▶ [EXERCISE DATA]

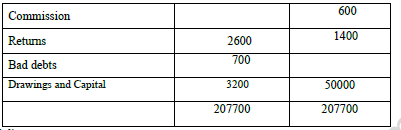 2CBSE Class 11 Accountancy Question Paper Set Q Solved 1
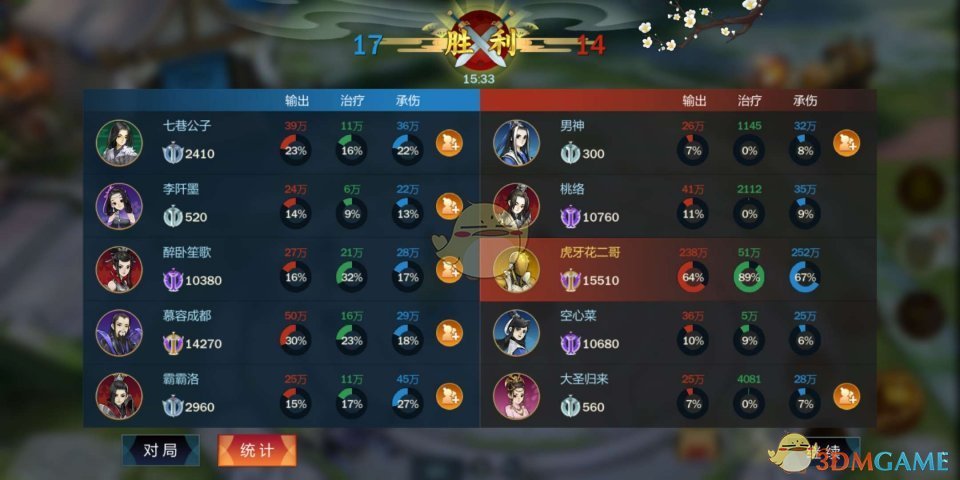 《剑网3：指尖江湖》战场要点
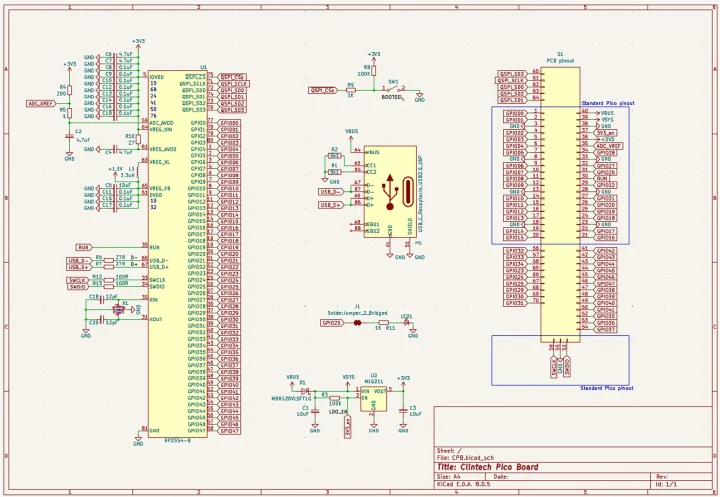 Clintech Pico Board schematics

▶ [WORK ITEM]
Reproduce the material word for word, but without its images.

▶ [SOLVED EXERCISE]
 2CBSE Class 11 Accountancy Question Paper Set Q Solved 1
 《剑网3：指尖江湖》战场要点
 Clintech Pico Board schematics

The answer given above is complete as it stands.